Kylie O’Reilly, Managing Director of Medianet said 'We were previously using a system based on a closed-source search engine that didn’t allow us the flexibility we required to demonstrate innovation when we analyze the thousands of articles we monitor for our clients. However we have significant investment in stored profiles that encapsulate our clients' interests – so any new solution had to be able to speak the same 'search language' as the old system.'
Flax modified the Apache Lucene search engine to make it compatible with the dtSearch software previously used by Medianet Monitoring and to return extra information about the exact position of any important words found in an article, which is essential for any monitoring application. The Flax media monitoring system then uses Lucene to carry out tens of thousands of searches on each incoming article in under a second, working 20 times faster than the previous engine.
'Media monitoring is unlike a traditional search application, as instead of applying a single search query to an index of many documents, we're applying many queries to a single news article,' said Charlie Hull, Managing Director of Flax. 'This can lead to severe performance issues unless one designs the system very carefully.'
To allow easy integration with Medianet Monitoring’s existing workflow, Flax created a RESTful Web Service architecture, allowing new articles and customer profiles (or 'briefs') to be supplied as XML. The system outputs XML marked-up to show where an article is relevant to a particular client.

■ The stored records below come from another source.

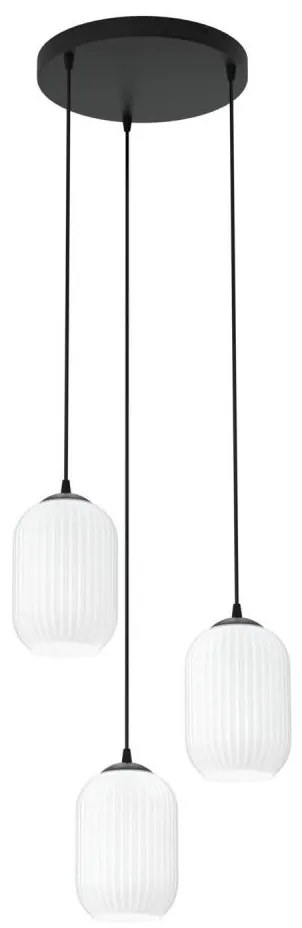 Lampadario a sospensione con filo VERDI 3xE27/15W/230V diametro 30 cm nero/bianco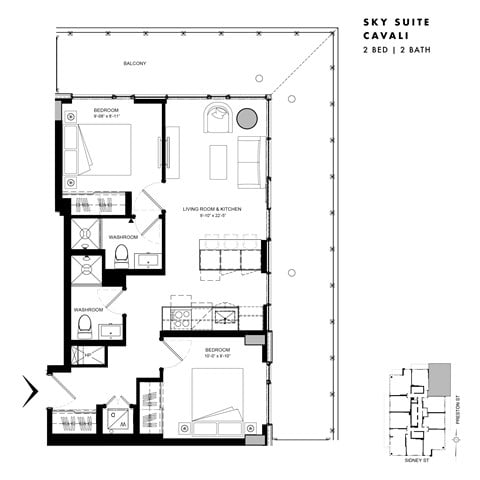 Floor plan for 2 beds, 2 baths, 676 sqft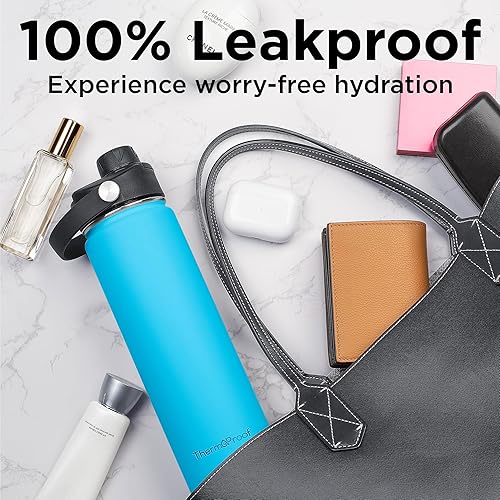 Miniatura 7 de Botella de agua de acero inoxidable de doble pared aislada al vacío a prueba de calor, boca ancha con tapas de pico y boquilla, apta para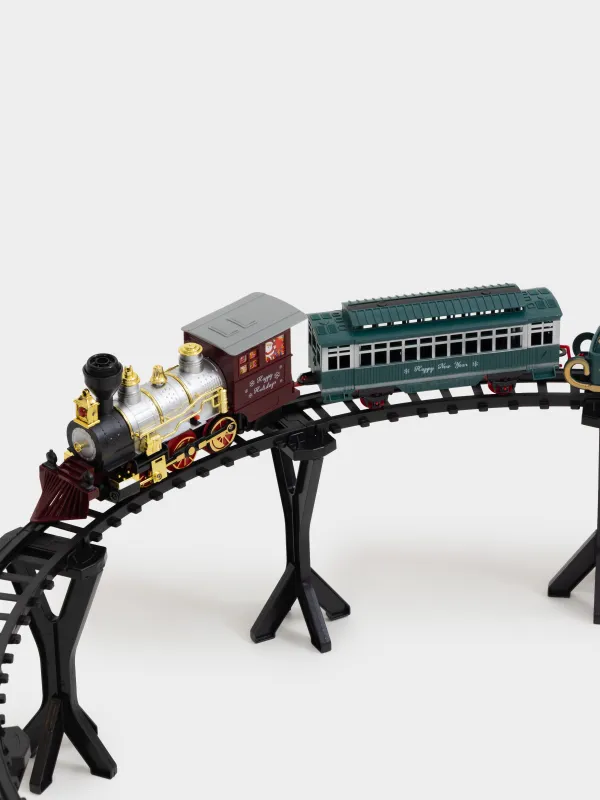 Железная дорога игрушечная, L, музыкальная, с подсветкой/дымом, на подставке, пластик, Game rail, image-2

In addition each new article is added to an archive, which allows both traditional searches of past news and verification of any new customer briefs, via a web application. A HTTP status server allows for the system configuration and performance to be checked and for individual articles to be submitted for testing against the stored briefs.
'Flax worked with our development team very closely to identify our requirements and to test every aspect of the new system – we can't afford to miss any articles of relevance to our clients', said Kylie O’Reilly. 'When we first saw the new system in action we were astonished how fast it was.'
In addition to replicating the functionality of the previous search engine, the new system has additional features such as area weighting (allowing matches within headlines to be more important, for example), compensation for errors introduced during scanning of print news and subsequent OCR (optical character recognition) and provides confidence scores for any matches, so that Medianet Monitoring can then decide which articles to pass to human operators for final verification.
Flax, who have previously worked for other media monitoring companies such as the UK's Gorkana Group, is currently developing the Flax Media Monitor into a complete end-to-end monitoring solution for print and other media in conjunction with industry partners. 'Using open source software we can offer a highly scalable and affordable monitoring solution,' says Charlie Hull. 'As content volume increases and with the need to monitor multiple sources including online social media, advanced open source search technology is becoming the most flexible and cost-effective way to continue to deliver high-quality media analysis'.